In researching People’s Park for a book to be published by Heyday next year, I learned that People’s Park of 1969 was not Berkeley’s first People’s Park. For three weeks in 1968, there was another people’s park at Telegraph Avenue and Dwight Way, named in honor of a local ecologist who died in a car accident.

Chuck Herrick and Cliff Humphrey launched Ecology Action in Berkeley in 1968 to promote ecological life. Herrick was a Vietnam veteran who was trained in the fields of zoology and architecture. He did considerable work on the septic system of the rural commune, Morningstar. Founded by Lou Gottlieb, a former member of the folk-singing trio Limeliters, Morningstar was known as the “digger farm” in the Haight, supplying apples and other organic fruits and vegetables to the Free Food programs.

Herrick met Humphrey at an organizing meeting of the Peace and Freedom Party. He was quoted in the Berkeley Barb of April 26 through May 9, 1979, as having said, “When land is vacant, we must raise the issue. We must put it to use as a park, a baseball diamond, anything but a lot with a path across it.”

Herrick was killed in an automobile accident in Salt Lake City on May 2, 1968, on his way to a Peace and Freedom Party convention in Ann Arbor.

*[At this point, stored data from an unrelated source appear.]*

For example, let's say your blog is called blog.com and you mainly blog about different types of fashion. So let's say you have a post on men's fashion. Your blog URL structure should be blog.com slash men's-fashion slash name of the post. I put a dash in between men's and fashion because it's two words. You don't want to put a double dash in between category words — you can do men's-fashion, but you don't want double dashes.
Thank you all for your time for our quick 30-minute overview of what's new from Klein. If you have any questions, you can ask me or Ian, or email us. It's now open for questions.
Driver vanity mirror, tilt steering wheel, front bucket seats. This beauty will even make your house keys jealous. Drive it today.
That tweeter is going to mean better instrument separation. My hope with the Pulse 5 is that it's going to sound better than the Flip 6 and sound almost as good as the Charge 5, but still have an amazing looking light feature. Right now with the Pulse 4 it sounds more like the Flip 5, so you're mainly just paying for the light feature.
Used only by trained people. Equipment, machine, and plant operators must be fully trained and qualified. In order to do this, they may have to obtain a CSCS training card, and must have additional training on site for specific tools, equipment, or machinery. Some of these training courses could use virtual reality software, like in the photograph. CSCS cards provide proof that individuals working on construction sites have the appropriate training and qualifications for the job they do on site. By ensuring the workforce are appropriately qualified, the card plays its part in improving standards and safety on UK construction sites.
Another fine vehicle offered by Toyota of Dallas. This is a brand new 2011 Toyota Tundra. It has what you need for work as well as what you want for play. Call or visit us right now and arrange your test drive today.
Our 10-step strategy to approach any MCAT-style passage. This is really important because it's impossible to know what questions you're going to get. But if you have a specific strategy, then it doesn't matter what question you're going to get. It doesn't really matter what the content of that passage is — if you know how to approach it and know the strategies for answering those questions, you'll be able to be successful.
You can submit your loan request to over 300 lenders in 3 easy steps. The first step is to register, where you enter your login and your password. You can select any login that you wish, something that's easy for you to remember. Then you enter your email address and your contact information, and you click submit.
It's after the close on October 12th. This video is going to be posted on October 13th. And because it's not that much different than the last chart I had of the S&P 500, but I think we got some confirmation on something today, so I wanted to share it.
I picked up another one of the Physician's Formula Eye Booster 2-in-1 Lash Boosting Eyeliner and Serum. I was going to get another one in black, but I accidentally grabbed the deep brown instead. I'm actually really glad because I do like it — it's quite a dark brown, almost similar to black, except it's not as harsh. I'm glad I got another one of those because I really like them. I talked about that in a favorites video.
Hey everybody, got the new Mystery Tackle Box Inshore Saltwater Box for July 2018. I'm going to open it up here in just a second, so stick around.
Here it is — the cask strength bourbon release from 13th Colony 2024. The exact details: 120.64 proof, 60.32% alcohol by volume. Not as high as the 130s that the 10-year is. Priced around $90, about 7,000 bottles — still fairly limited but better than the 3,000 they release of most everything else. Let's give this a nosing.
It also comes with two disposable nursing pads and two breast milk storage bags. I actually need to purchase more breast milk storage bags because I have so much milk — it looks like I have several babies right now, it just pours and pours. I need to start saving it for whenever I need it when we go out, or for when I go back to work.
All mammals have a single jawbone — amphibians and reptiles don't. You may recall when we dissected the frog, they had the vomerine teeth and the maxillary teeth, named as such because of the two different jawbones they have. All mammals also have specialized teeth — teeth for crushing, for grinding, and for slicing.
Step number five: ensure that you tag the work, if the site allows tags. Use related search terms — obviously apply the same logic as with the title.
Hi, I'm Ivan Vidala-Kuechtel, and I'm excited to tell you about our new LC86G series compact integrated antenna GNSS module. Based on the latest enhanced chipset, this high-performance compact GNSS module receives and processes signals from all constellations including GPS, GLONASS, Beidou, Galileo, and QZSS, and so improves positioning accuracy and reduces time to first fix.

Two days later, Humphrey and other ecology activists converted a vacant lot at the southwest corner of Dwight Way and Telegraph Avenue into a park in honor of Herrick. Social activist Jerry Rubin once lived in an apartment on the corner, recently demolished in the photograph below.

Photo: Courtesy of Bancroft Library, Ecology Action Collection

The park was officially called the C. P. Herrick Peace & Freedom Park, but the Berkeley Barb called it a “people’s park” in a headline in the May 10-16, 1968 Barb.

Photo: Courtesy of Bancroft Library, Ecology Action Collection
Photo: Courtesy of Bancroft Library, Ecology Action Collection

Ecology Action put out a call for help.

Poster: Courtesy of Bancroft Library, Ecology Action Collection

People responded. They showed up to do the manual labor to prepare and plant the lot.

Photo courtesy of Bancroft Library, Ecology Action Collection
Photo: Courtesy of Bancroft Library, Ecology Action Collection
Photo by Lewis Shaffer, courtesy of Patrice Mackey.
Photo: Lewis C. Shaffer
Photo: Lewis C. Shaffer

For a few weeks, Ecology Action served free soup and bread at this small piece of “liberated land” in Herrick’s memory.

Berkeley Barb, May 24-30, 1968
Photo: Courtesy of Bancroft Library, Ecology Action Collection

The park was dismantled without incident, but the Herrick people’s park had a legacy. We know that Michael Delacour signed a petition maintained at the park to support its continuation. A few months later he would convene a meeting in the Red Square Dress Shop on Dwight and launch the building of People’s Park as we know it in the block bound by Telegraph, Haste, Bowditch and Dwight.

Humphrey and Ecology Action negotiated with the city of Berkeley to make a mini-park to honor Herrick in the triangle island at Dwight and Telegraph produced by the rounded lane for traffic heading off Dwight south onto Telegraph.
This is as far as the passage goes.